Carta para minha amiga escritora
Taís,
Sabe, tem uma coisa que sempre me incomodou nos filmes e livros produzidos pelos grandes homens das artes, esses que conhecemos tão bem, apesar de nossos mixed feelings sobre os livros e a estrutura da literatura. Nessas histórias, passam-se dias, semanas, tempos que são indiscutíveis para a narrativa. Os personagens amam ferozmente, correm, cavalgam, inventam mentiras, planos, raciocinam e matam, que seja. Nunca, porém, eles interrompem suas grandes sagas para comer ou lavar a louça. É como se não fosse preciso. Como se essas funções vitais da humanidade não coubessem a eles, mas sim a outras pessoas, aquelas devidamente escanteadas, humanas demais no sentido prático e, portanto, — por que não dar nome aos bois? — exploradas. As vidas invisíveis existem nas narrativas da ficção e do mundo real. Muitas vezes, inclusive, se interseccionam. Quem é capaz de imaginar William Faulkner cozinhando seu próprio arroz? Pouco provável.
Aí me vem Virginia Woolf e narra o jantar de uma mulher, a forma como o tempo passa enquanto ele come, e a improbabilidade me dá um estalo no peito. Aí me vem Carolina Maria de Jesus e narra o trabalho e o suor que definem não apenas a alimentação, mas a luta pelo alimento para si e os filhos.

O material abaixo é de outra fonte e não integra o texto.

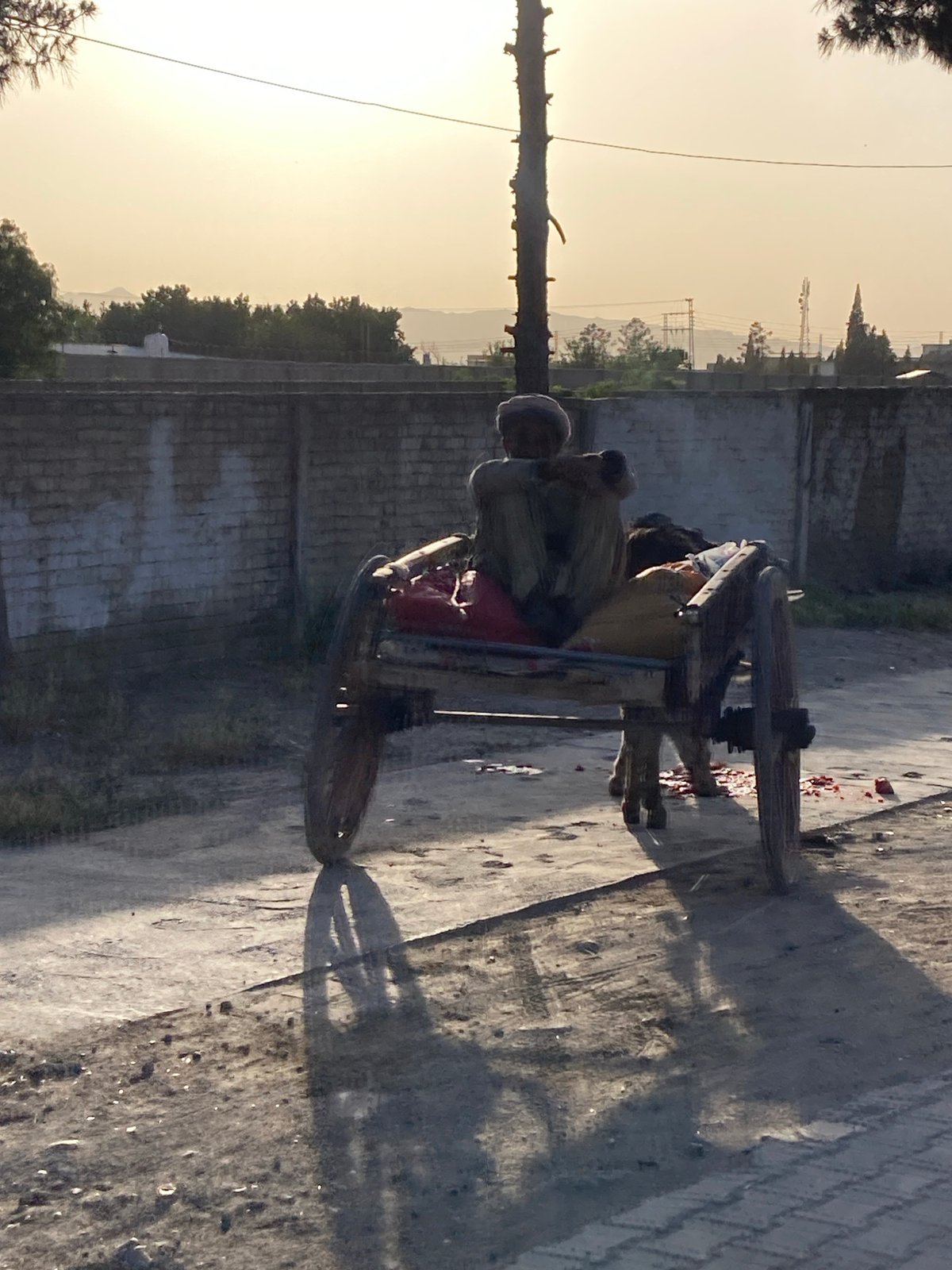 Street life captured in Quetta: cart rider, motorcycle duo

Você deve ter sentido isso também. Todo o estremecimento causado pela quebra no silêncio dos assuntos privados, das mulheres privadas. E hoje, para nós, como falar de amor sendo insubmissa? Como falar da cidade sendo ela tão hostil? Como falar do tempo se o nosso tempo é outro? Como dizer ao mundo o que escrevemos se qualquer motivo de orgulho é compreendido como arrogância? São perguntas que fazem parte dos nossos cotidianos, em meio à fervura da água no bule e à espera no ponto de ônibus, mas que são insuficientes para nos limitar.

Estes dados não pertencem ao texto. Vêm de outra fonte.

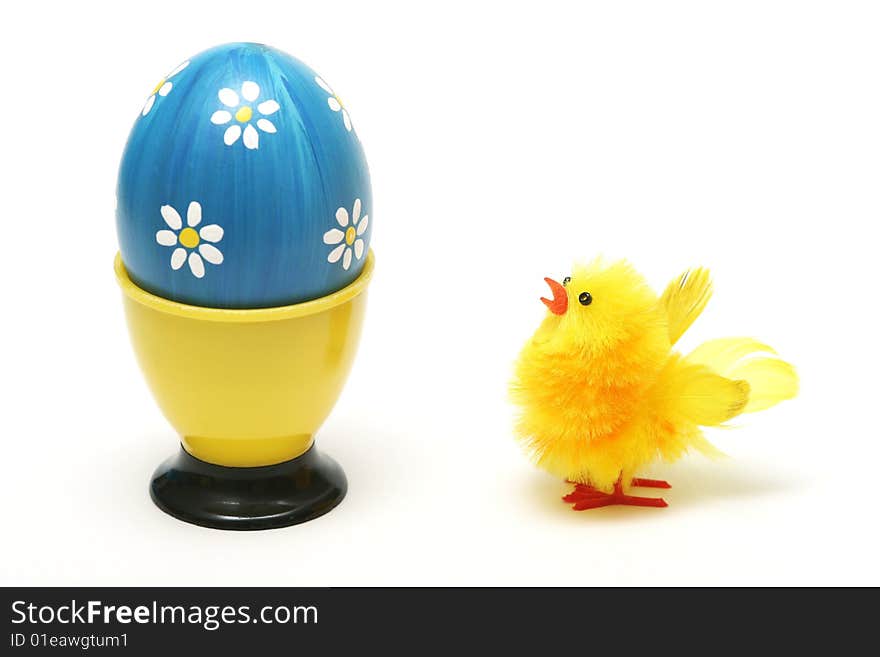 Easter chick and easter blue egg with white flower on white background.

Tudo isso para dizer que você não está falando para as paredes. Acho que chegou a hora de assumirmos para o mundo que nada disso é loucura nossa. Seu livro é lindo, ele é livro, é seu e está no mundo porque teve de estar. “Se eu escolhesse o esforço de uma arte que se ocupa do que é eterno, eu seria silêncio”, você disse no seu último e-mail, e eu quis chorar de volta. Às vezes a gente se pega conversando com as amigas preocupadas com o futuro e diz “você só tem vinte e poucos anos, amiga, vai lá se arriscar que dá tempo”. Por que para a literatura seria diferente?

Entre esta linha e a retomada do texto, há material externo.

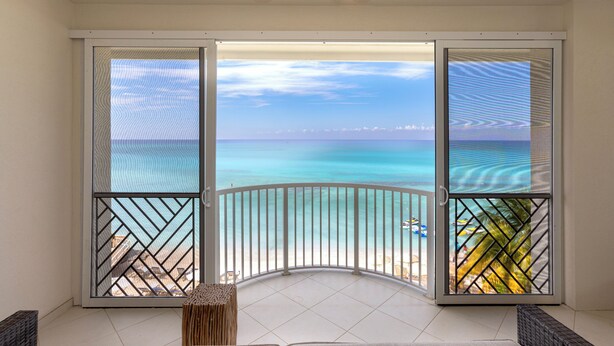 A balcony with a view of the ocean, a cushioned seating area, and a small table. - Beachfront 4BR/4BA | Sleeps 10, Ocean Views, Pool (Seven Mile Beach)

Penso sobre meu blog ridículo que comecei aos catorze. Esses dias, um amigo musicou um poema que escrevi nessa época e me mandou por email. Eu adorei o que ele fez ali, mas simplesmente não me lembrava que aquelas palavras eram minhas. Joguei no google para ter certeza. Em seguida, penso sobre essa maluquice de ter publicado um livro impresso aos vinte anos, navegando entre picos de sentimentos e encarando o rosto jovem da minha própria coragem. Sinto orgulho, você me entende: eu fiz aquilo, sabe, vivi, senti, fiz, em um processo que está intrinsecamente colado à minha trajetória e tudo isso conta, tudo isso vale a pena. Aí sinto vergonha, parece uma grande besteira falar em trajetória aos vinte anos — porque na verdade parece uma grande besteira ter algo a dizer aos vinte anos, coisa de gente egocêntrica. Mas me basta ler as mulheres para voltar a ter certezas sobre a necessidade de dizer. Assim como você, eu não faço muita questão de ser eterna. Só quero estar em movimento o suficiente para ter história para contar e calor no coração nas noites de domingo, aquela angústia que mostra que a gente tá viva. Obrigada pela coragem de dizer essas linhas, esses mundos, essas vidas que, de perto ou de longe, são todas no fundo nossas.